- _ASSIGNED TASK_
Within the listing that follows, reproduce exactly the lines starting at the line with "Votaciones municipales La Habana" and ending at the line with "Чохол для ножа шкіра (середній) 4006/2", inclusive, and only those. Pictures are dropped.

- _DATASET_
== Segment start ==

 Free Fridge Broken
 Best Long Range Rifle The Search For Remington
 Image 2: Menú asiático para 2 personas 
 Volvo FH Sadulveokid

== Segment end ==
== Segment start ==

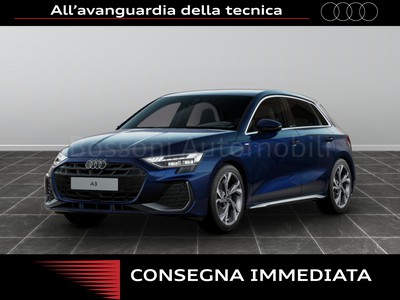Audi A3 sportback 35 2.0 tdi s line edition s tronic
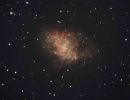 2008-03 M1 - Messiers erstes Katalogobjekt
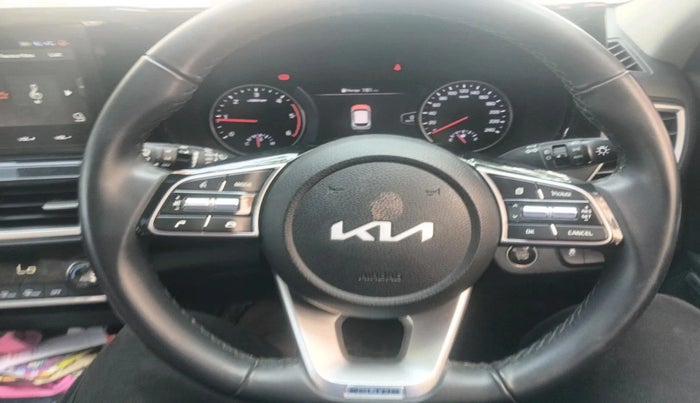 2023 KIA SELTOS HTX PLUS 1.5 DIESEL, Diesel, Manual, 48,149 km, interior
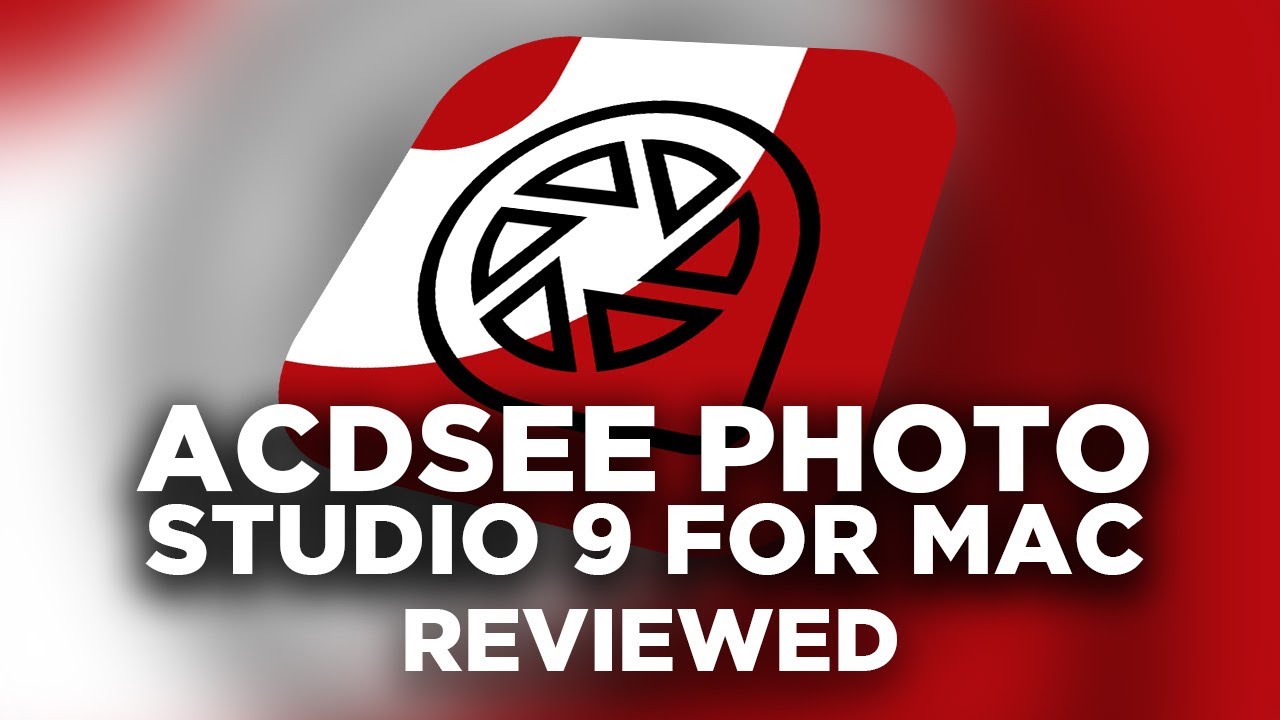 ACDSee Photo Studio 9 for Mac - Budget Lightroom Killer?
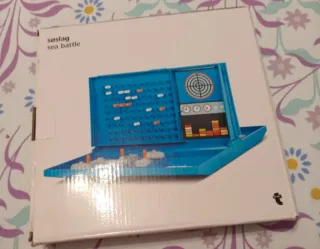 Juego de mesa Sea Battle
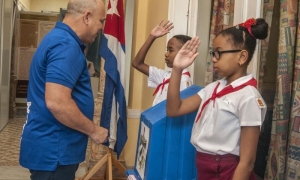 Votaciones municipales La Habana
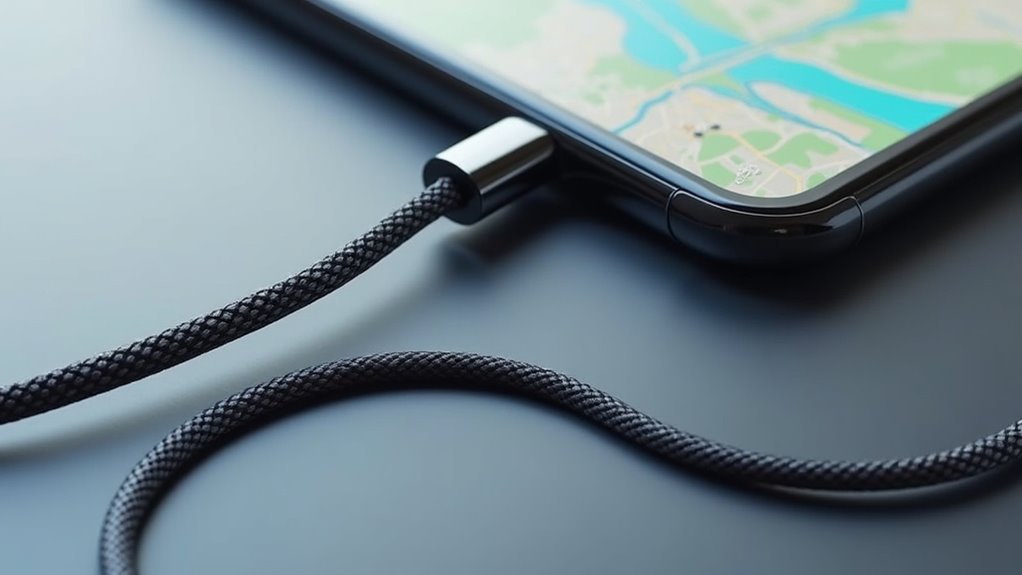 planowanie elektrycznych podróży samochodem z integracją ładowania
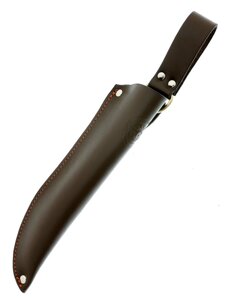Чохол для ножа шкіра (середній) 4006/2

== Segment end ==

- _RESULT_
 Votaciones municipales La Habana
 planowanie elektrycznych podróży samochodem z integracją ładowania
Чохол для ножа шкіра (середній) 4006/2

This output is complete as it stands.